Quantum supremacy: is the security and confidentiality of internet exchanges doomed ?
From its first steps guided by Alan Turing to the triumph of AlphaGo over the legendary Go player, LeeSedol, computer science has built a reputation as science in constant turmoil. Since the ’90s, a new theory has been developing: that of quantum computing. Since the ’90s, a new theory has been developing: that of quantum computing. The electronic components of computers are then designed to be particularly subject to the laws of quantum mechanics, this physical theory of the infinitely small. The visionaries Peter Shor and Lov Grover developed algorithms in the 1990s to exploit these phenomena, and the contribution of quantum computing is still largely theoretical to this day. The contribution of quantum computing is still largely theoretical to this day. The quantum computer is far from offering the same functionality as a conventional computer, but it has the capacity to provide solutions to problems that were previously unsolvable in practice. Among them, a mathematical problem that appears to be insignificant, but whose complexity of resolution embodies a fundamental pillar of the security of transactions on the Internet: the factorization of very large integers into prime factors.

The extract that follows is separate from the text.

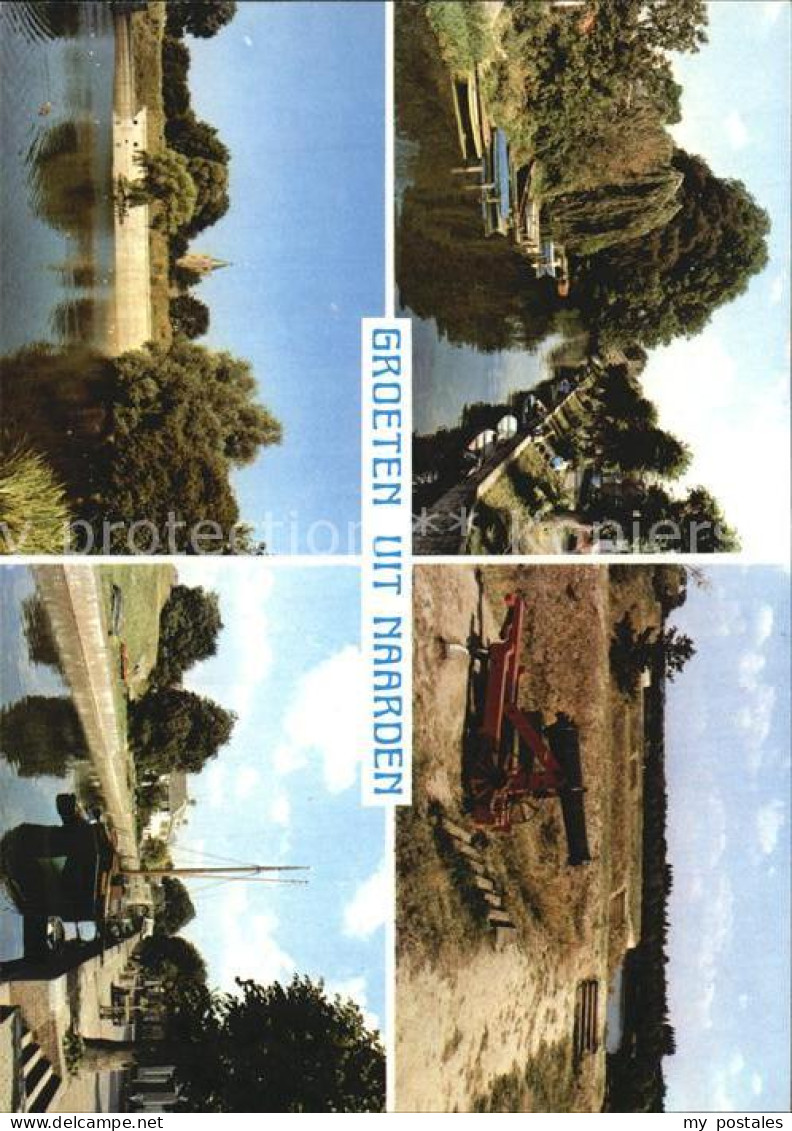 Naarden Kanalpartien Kanone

The encryption on which the digital economy is based may be compromised by future quantum computers that will be able to break encryption codes in record time.
As shocking as it may seem to people who have grown up in the age of digital supremacy, the capabilities of computers are indeed limited. At a fundamental level, they continue to operate on a 1 and 0 basis, but this is set to change with the advent of quantum computing. This is not just a routine system upgrade: a single quantum machine is theoretically more powerful than all of the world’s current supercomputers combined. Naturally, more powerful computers offer more powerful capabilities, which have many advantages. On the other hand, the increase in computing power can potentially undermine today’s security standards. The encryption on which the digital economy is based can be compromised by computers capable of breaking codes in record time. Businesses cannot afford to wait for encryption standards to adapt and must therefore take the necessary steps to protect themselves. Where do you start?
What is quantum computing?
Quantum computing marks an important milestone in the way computers work. Unlike today’s computers that are limited by “binary” processing, quantum computers can process many intermediate values, which occupy the same space at the same time. This principle makes computers exponentially more powerful. Complex computation-based technologies are expected to benefit from a huge increase in computing performance and potentially take 3D animation, virtual reality, medicine, artificial intelligence, and many other fields to new heights.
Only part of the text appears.